I added a silicon piece at teh bottom of the knob to increase the friction (plastic was quite slippery on my table) and now it seams to be quite good (left picture). The much smaller magnets also arrived and they are really tiny (right picture in the bags, 2x1mm and 1.5x0.5mm, NdFeB N48, 1.42Tesla). When trying them out I nearly lost them. I have to design  a new top for them to be able to mount them proper.

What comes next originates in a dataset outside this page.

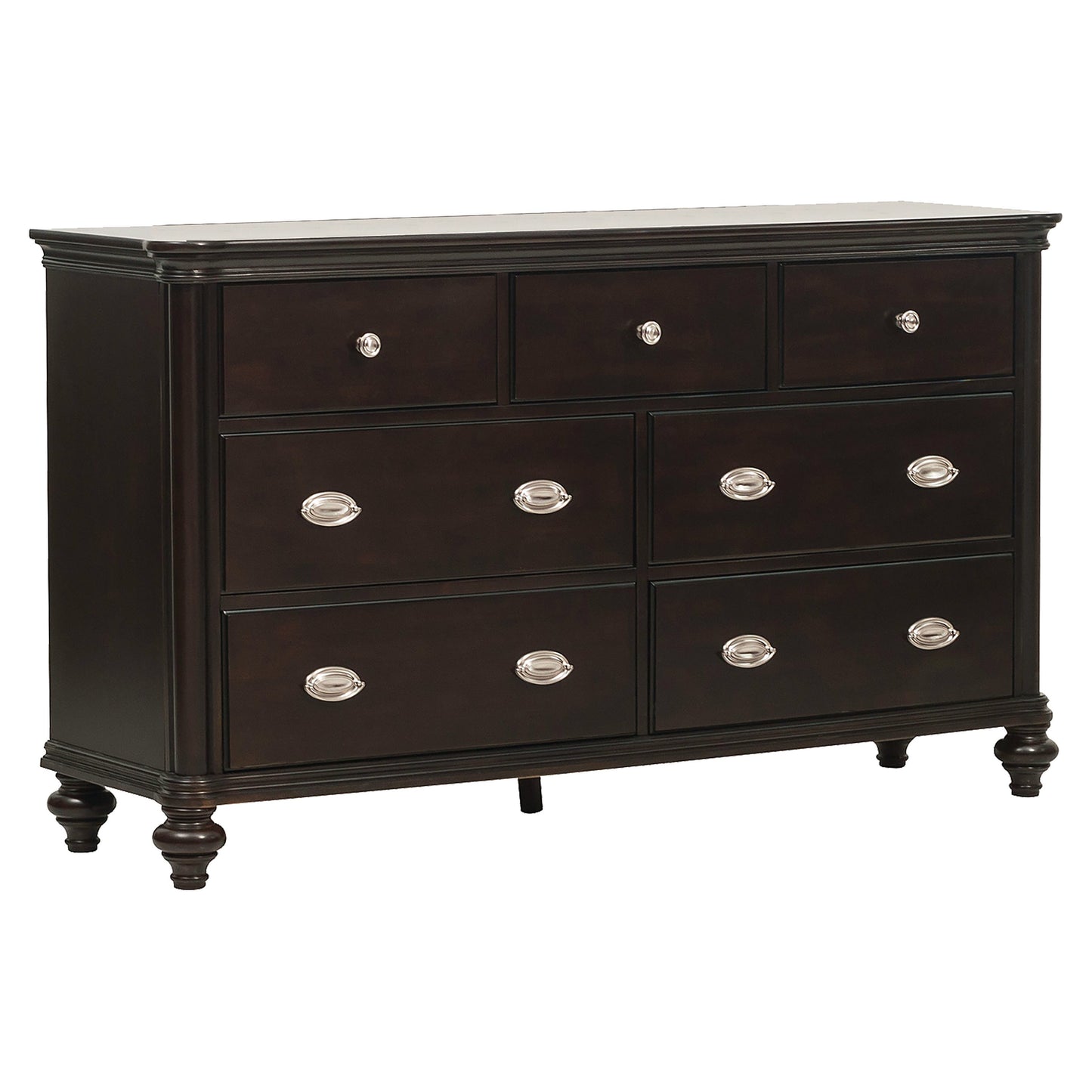 Dark Cherry Finish Classic Design Dresser of 7x Drawers Wooden Bedroom Furniture 1pc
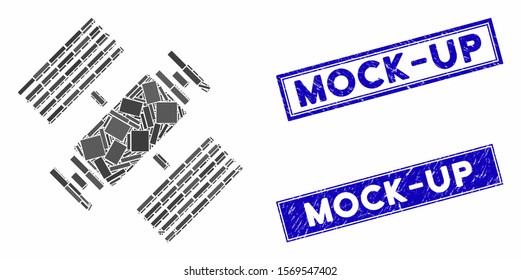 Mosaic space station pictogram and rectangle stamps. Flat vector space station mosaic icon of random rotated rectangle items. Blue caption stamps with distress textures.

Next I tried to use the acceleration sensors to estimate the linear displacement by double integration (acceleration--> velocity-> displacement) but found out this will not be so easy. After soem strange results I estimated the aceleration, 1Hz moving the head with about 5mm displacement would give an acceleration of (2*pi/s²)^2*5mm = 0.2m/s² which is not too big for the used measurement range setting of 2g (~200m/s²). I recognized also, that very small rotations will lead to measure the change of the earth gravity field in much higher magnitudes. Following charts shows the measured acceleration (ax,ay,az) and the estimated acceleration caused by the earth gravity field (gx/gy/gz) by teh rotation of the top.

The black dashed lines are the main contribution of total measured acceleration. And even by integrating the offset compensated accelerations, the velocity and displacement had to much other effects as to see the linear displacement. With good eyes, one can see the velocity changes in the first three phases (20 ... 220s) but latest with the displacement, the integration error made everything invisible.
How to continue ..... don't know yet ...